TASK GOAL:
After dropping the pictures, give again exactly the lines of the data from its first line through the line with "Flan gauche de 1000 GSXR 09-15", which is included as well.

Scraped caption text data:
——————

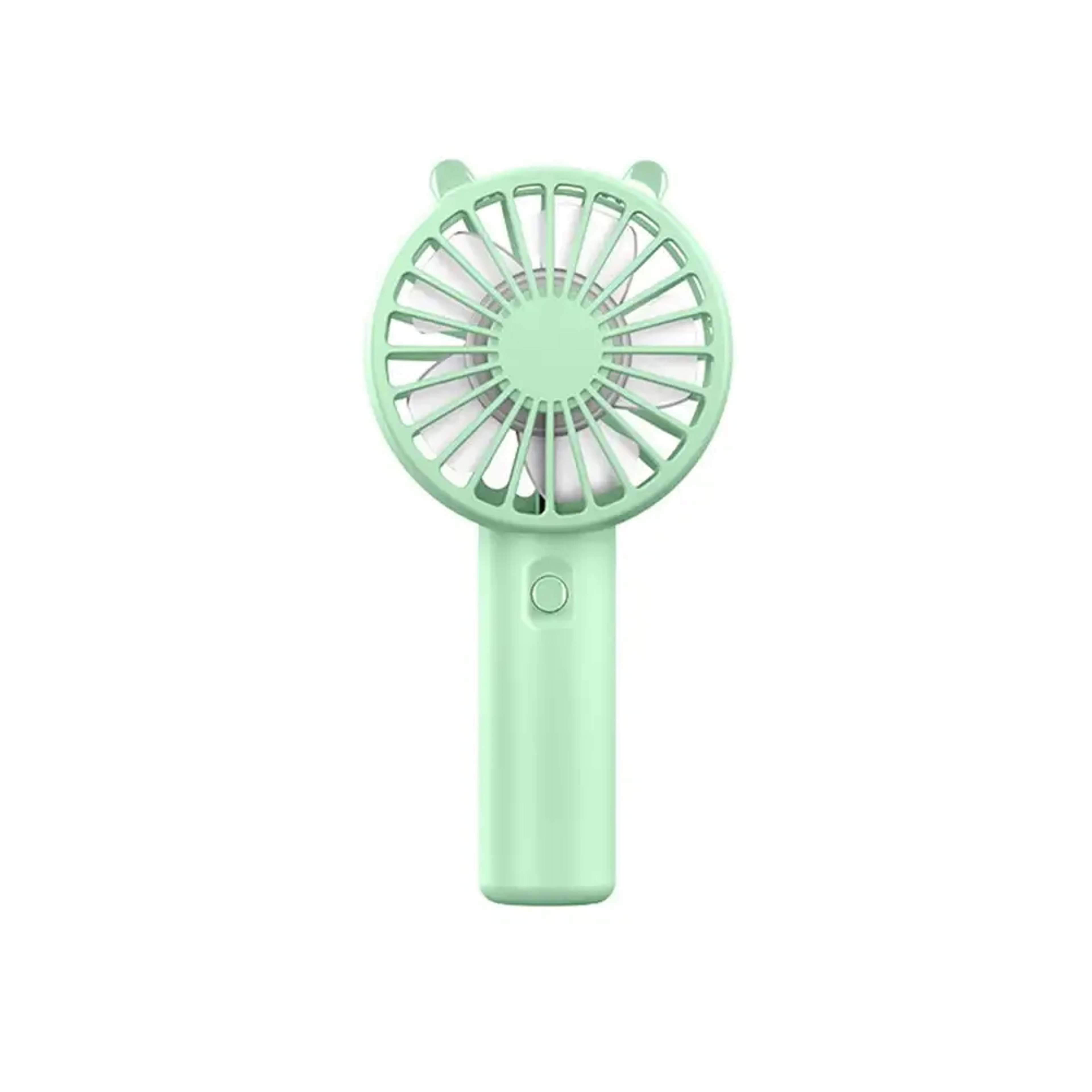 USB Rechargeable Mini Handheld Fan for Cooling Lash Drying & Desk Use – view 10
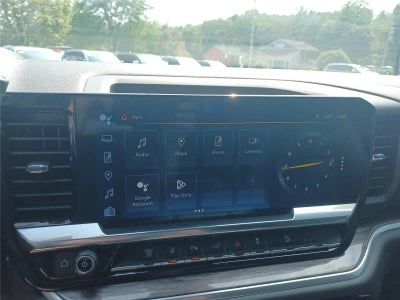 2024 Chevrolet Silverado 2500 HD LTZ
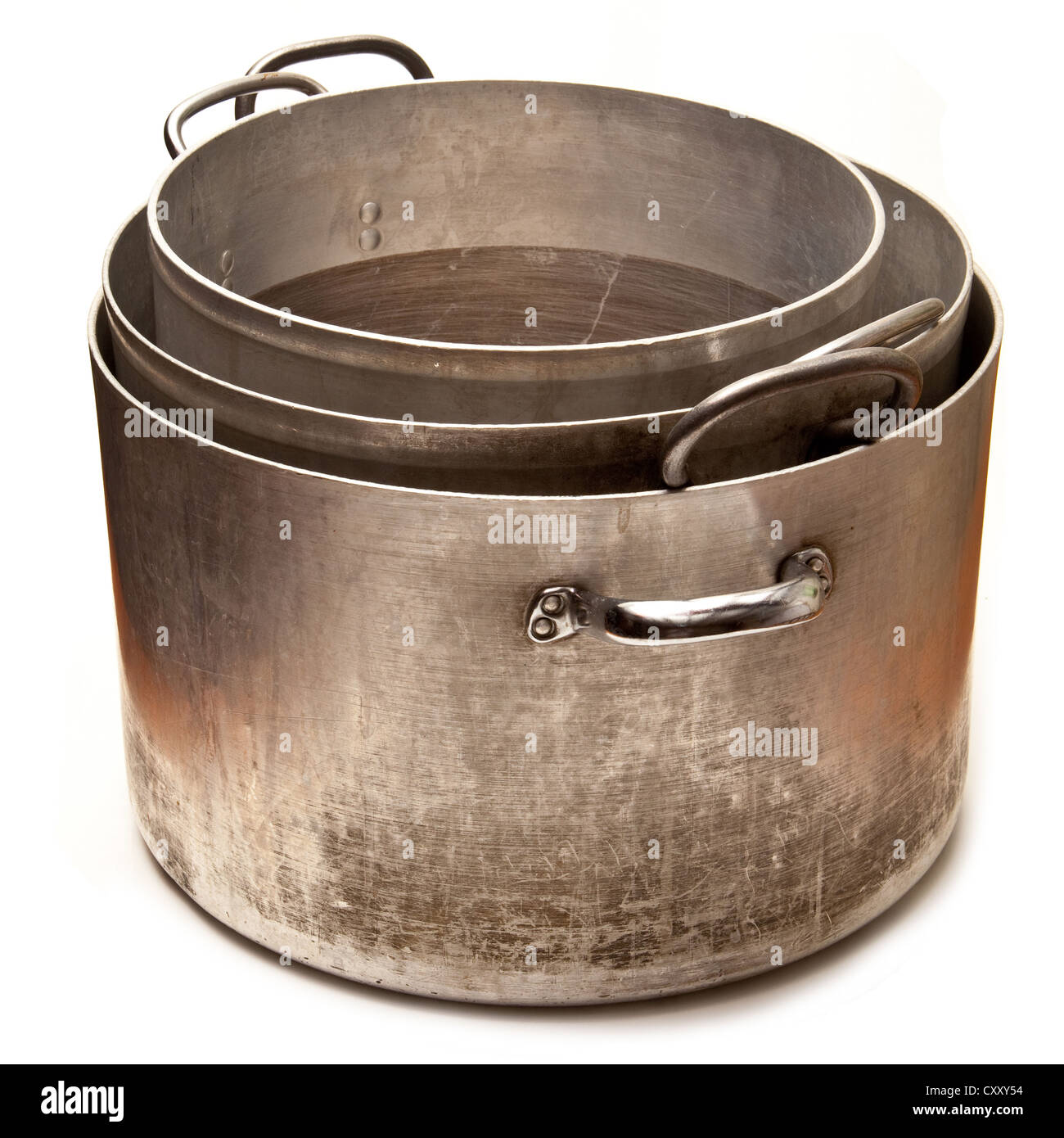 Large cooking pot hi-res stock photography and images - Alamy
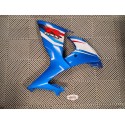 Flan gauche de 1000 GSXR 09-15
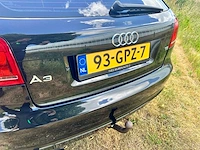 Audi a3 - 1.6 attraction b.e. - 2008 - personenauto - afbeelding 6 van  31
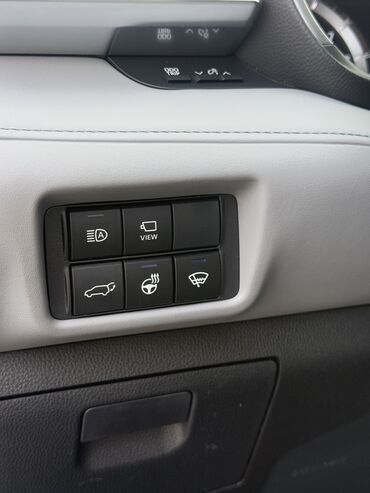 Toyota: Toyota Highlander: 2021 г., 3.5 л, Типтроник, Бензин, Внедорожник — 11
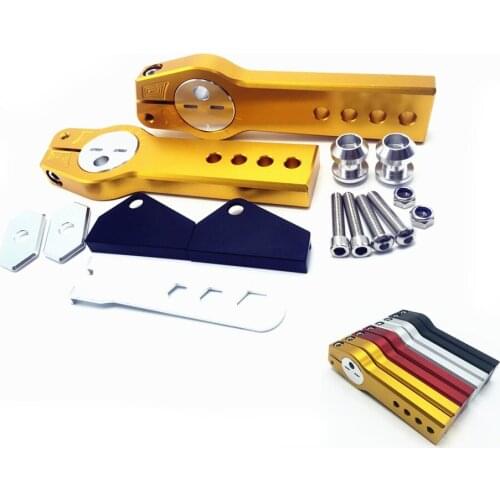 FOR HONDA GROM MSX125/SF 2013-2019 Rear Fork Adjuster Frame Expandable Control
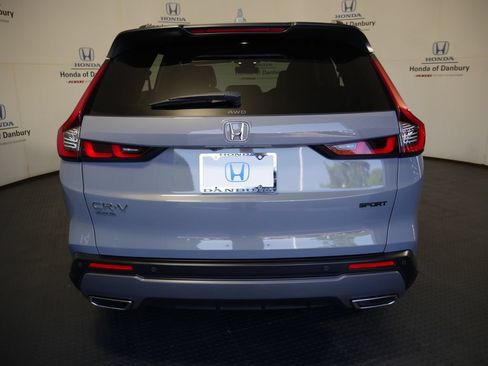Used 2024 Honda CR-V Sport-L image 9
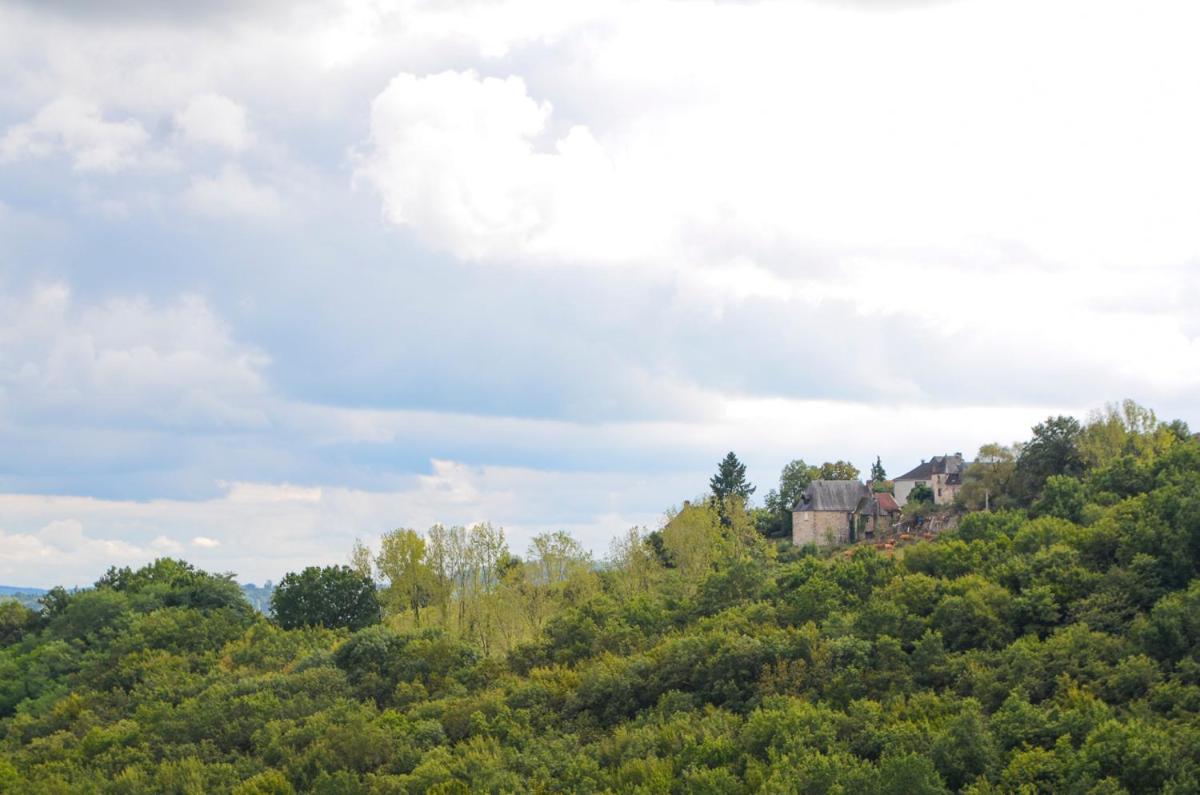 Domaine De La Moretie Cublac Kültér fotó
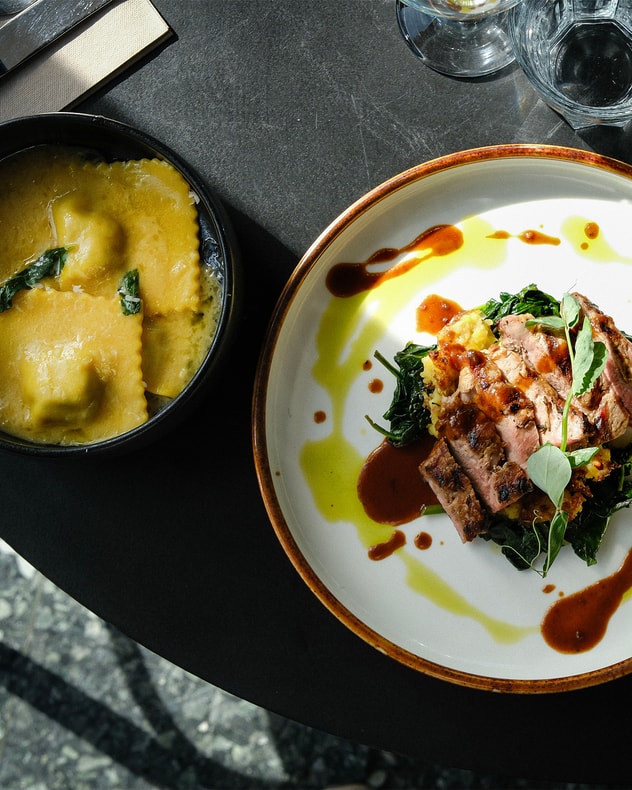 3-Retters Menu hos Re Cucina - Italiensk Gastronomi i Amagers Skipperby billede 2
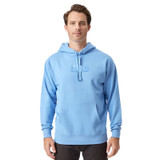 Gallery Blue The Land Hoodie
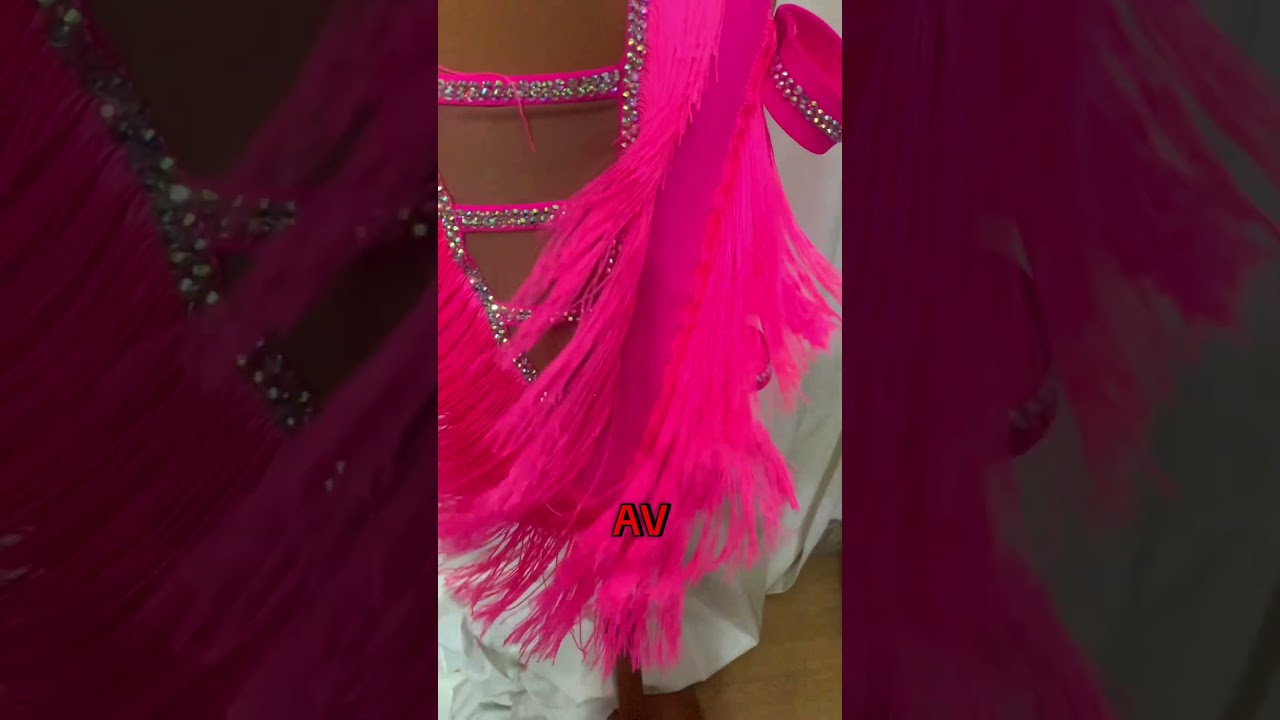 Latin dress by AV #avantuardcouture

——————

WORKED SOLUTION:
 USB Rechargeable Mini Handheld Fan for Cooling Lash Drying & Desk Use – view 10
 2024 Chevrolet Silverado 2500 HD LTZ
 Large cooking pot hi-res stock photography and images - Alamy
 Flan gauche de 1000 GSXR 09-15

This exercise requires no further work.